Politico: “Speaker John Boehner is urging President Barack Obama to define the United States’ policy and mission in Syria, launching the opening salvo in what’s sure to be a turf battle between Congress and the White House over military intervention in the country. The letter, which was sent Wednesday afternoon, urges Obama to ‘make the case to the American people and Congress for how potential military action will secure American national security interests, preserve America’s credibility, deter the future use of chemical weapons, and, critically, be a part of our broader policy and strategy.’”
Roll Call: “Speaker John A. Boehner sent a letter to President Barack Obama Wednesday seeking a ‘clear, unambiguous explanation’ of how a strike on Syria fits into U.S. objectives and questioning the president’s legal authority to do so absent Congressional authorization.”
116 House members from both sides of the aisle sent a letter to the president asking him to get congressional approval before a strike on Syria.
NBC's Michael O'Brien & Tom Curry: "A growing minority of lawmakers in both parties are demanding that President Barack Obama seek approval from Congress before launching an attack against Syria. Most senior leaders in Congress appear content with the administration’s efforts to keep lawmakers abreast of what appears to be a fast-approaching military response to Syrian strongman Bashar al-Assad’s use of chemical weapons against opponents in that country’s protracted civil war. But ahead of any possible military action, a chorus of voices is calling for at least a Congressional debate, if not an explicit vote authorizing the use of force."

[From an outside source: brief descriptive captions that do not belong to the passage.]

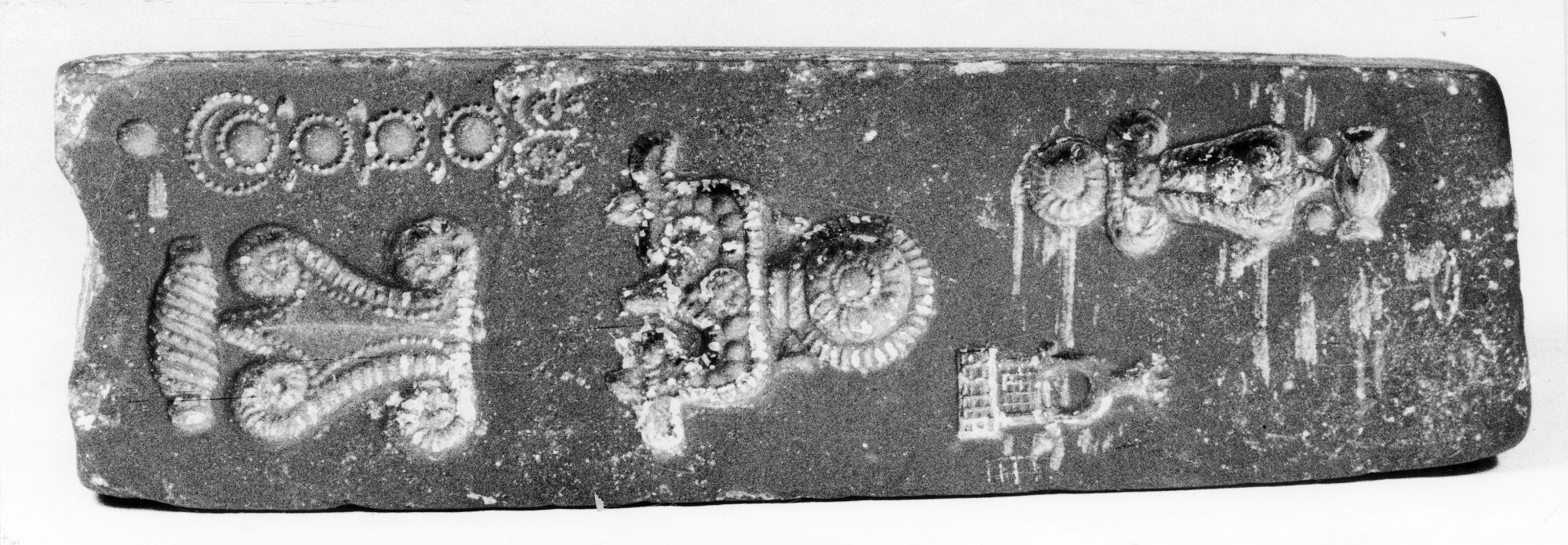 Carved rectangular mold, Paithan, Maharashtra, India, ca. 1st-3rd century, Haematite, H. 13.5 x L. 4.0 x B. 2.3 cm., #100021.
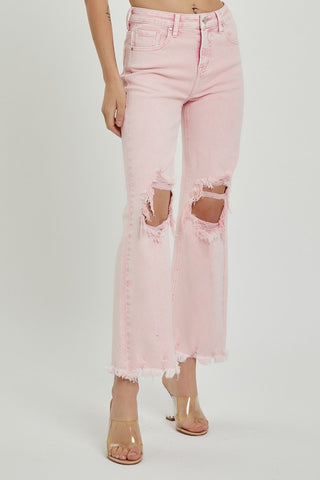 A person is wearing Risen's Memphis Pink Curvy High-Rise Distressed Pants, featuring large rips at the knees and frayed hems. The 98% cotton jeans, with a touch of spandex for stretch, are paired with clear high-heeled sandals. The photo captures them from the waist down against a plain white background.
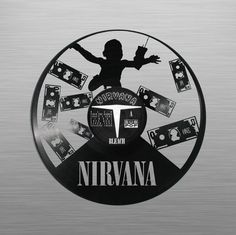 the logo for nirvana is surrounded by many stickers and magnets on a metal surface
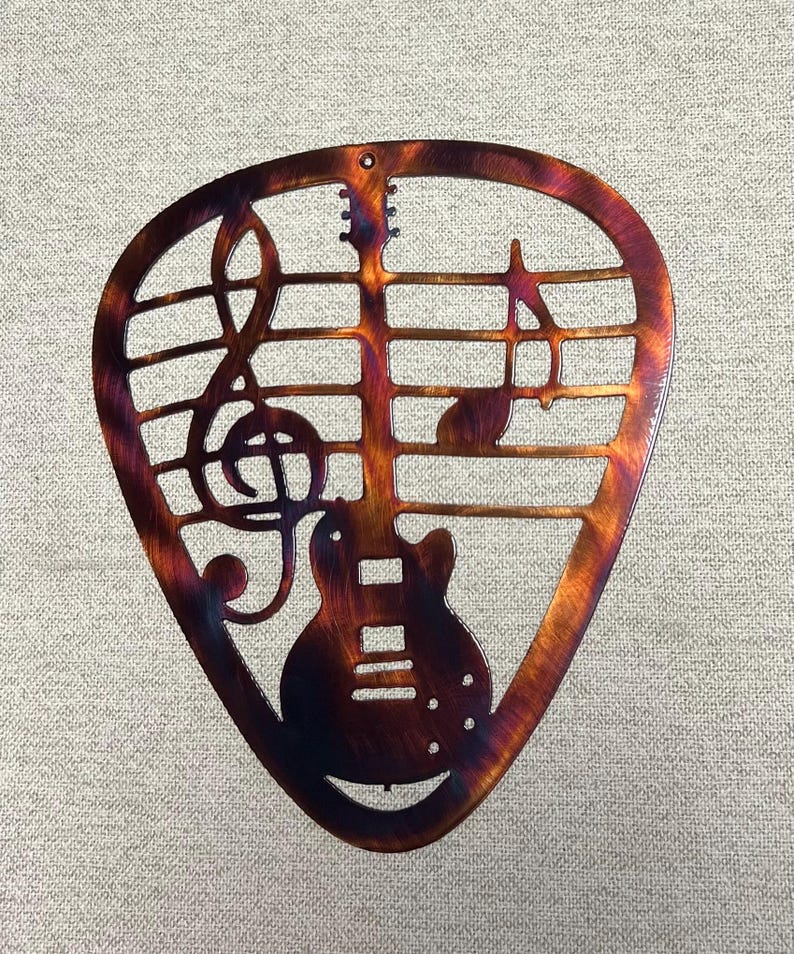 Guitar pick shaped metal wall art with Gibson SG inspired guitar, treble clef, and music notes in a hand-finished patina.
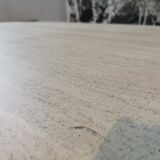 Large oval coffee table in travertine and metal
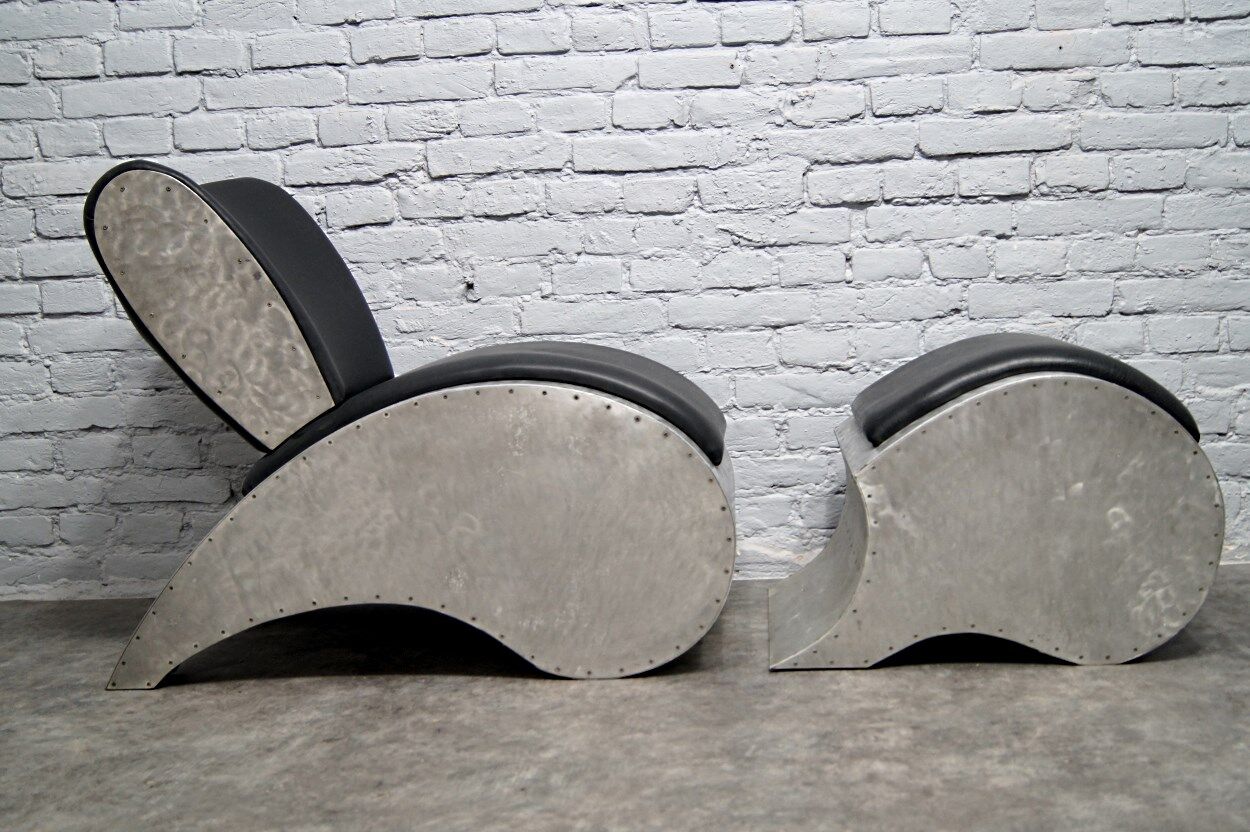 Industrial aluminum & vinyl lounge chair with footrest, 1970s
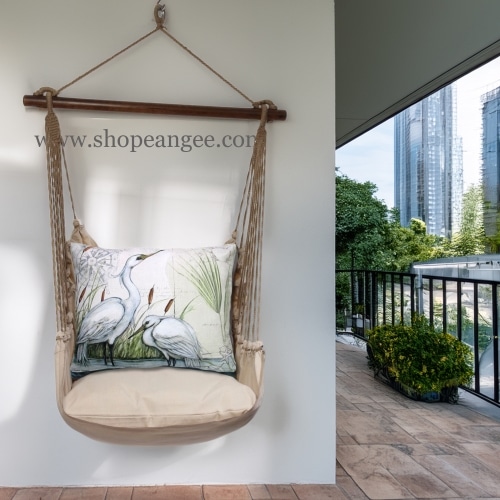 In a sunlit patio lounge a multi colored outdoor swing crafted by the artisans of Magnolia Casual called the Swing Set 4 piece Latte Solid w/ Heron Pair is displayed featuring 100 percent weather resistant fabric, weather resistant polyester fabric, handcrafted adding comfort and style to the space.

National Journal: "According to several sources with direct knowledge of the situation, the Republican Study Committee—a group of 172 conservative House members—has barred Heritage Foundation employees from attending its weekly meeting in the Capitol. The conservative think tank has been a presence at RSC meetings for decades and enjoys a close working relationship with the committee and its members. But that relationship is now stretched thin, sources say, due to a series of policy disputes that culminated with a blowup over last month's vote on the the farm bill."